Switching careers means changing up your resume

04.08.2013


After you've been out of the job market for a few years, getting back into it can come with new challenges that you hadn't anticipated. Whether this is the technology that has been developed, new networking strategies or just the state of the economy, the job search process has evolved. 

But one of the first – and most important – factors to consider when switching careers is how your resume reflects what you've already accomplished, what you hope to achieve in the near future and why you would be a great addition to any business team. 

According to AOL Jobs, the most obvious reason for people to consider a career change recently has been the lingering effects of the recession. While some workers have decided to hone their skills in one particular area to hold onto their current jobs, others are preparing to explain to employers that they're well suited for a job in which they have little experience. 

The best way to do this is to create a resume specifically to show a potential employer that you've got what it takes to make it in a new career, no matter your familiarity with the job. 

To start, the media outlet stated, do away with the "functional" resume. Although several new trends have emerged in the world of resume writing – from Venn diagrams to colors and graphs – most hiring experts agree that it's wise to stick with a simple, chronological resume. Rather than formatting the document so certain skills and jobs are underscored, list your experience starting with the most recent. Deviating from this format could potentially throw the hiring manager for a loop. 

Make it unique
This isn't to say, however, that your resume shouldn't be customized for every job you apply to. It's crucial to write your resume with a specific job description in mind, and although you should never lie or bolster your credentials beyond reason, it can be beneficial to make sure the qualifications you list are needed for the desired position. 

"Everything you've done in other jobs [has] to inform why you should be considered," said one career coach told the news source.

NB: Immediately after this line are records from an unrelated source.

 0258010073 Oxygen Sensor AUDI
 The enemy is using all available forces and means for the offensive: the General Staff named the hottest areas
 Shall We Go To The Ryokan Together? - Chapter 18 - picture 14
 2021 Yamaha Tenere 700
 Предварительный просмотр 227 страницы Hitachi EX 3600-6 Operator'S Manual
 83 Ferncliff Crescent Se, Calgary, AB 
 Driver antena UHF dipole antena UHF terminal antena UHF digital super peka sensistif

You can also personalize your resume by including skills and passions that your competition may not have. In a career switch, it's possible you could be striving for the same position as someone who has more than 10 years of experience in the field. To convince managers you're the one for the job, you'll need to identify a few traits that mean as much or more to the employer as experience. 

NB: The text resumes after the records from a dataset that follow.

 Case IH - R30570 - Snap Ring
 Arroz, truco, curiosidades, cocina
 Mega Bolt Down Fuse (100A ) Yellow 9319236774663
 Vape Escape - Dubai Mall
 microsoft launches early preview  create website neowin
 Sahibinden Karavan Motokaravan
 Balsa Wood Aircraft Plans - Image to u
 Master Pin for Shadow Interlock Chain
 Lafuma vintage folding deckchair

"You've got to know what sets you apart," the career coach added. 

Confidence
Make sure your resume conveys the confidence you carry and makes you believe a career switch is a good move. This means highlighting any accolades you received in previous jobs, and not being afraid to go into detail about why you deserved them. 

"The resume has to be about achievements and outcomes – not tasks [or] projects," the career coach said, according to the news source. 

However, don't compromise realistic opportunities for confidence. Stay grounded in your search, and understand that breaking into a new field is a difficult process, especially in the subdued hiring climate. 

According to Career Path, you'll have the best chance for success if you take the time to learn about the field you hope to switch into. Before you even begin job searching, do research online, use social media to connect with people at a company in your preferred industry and even try to set up informational interviews with professionals in the field. 

While it may sound daunting, a career change can be a great move, even in an economy as uncertain as today's.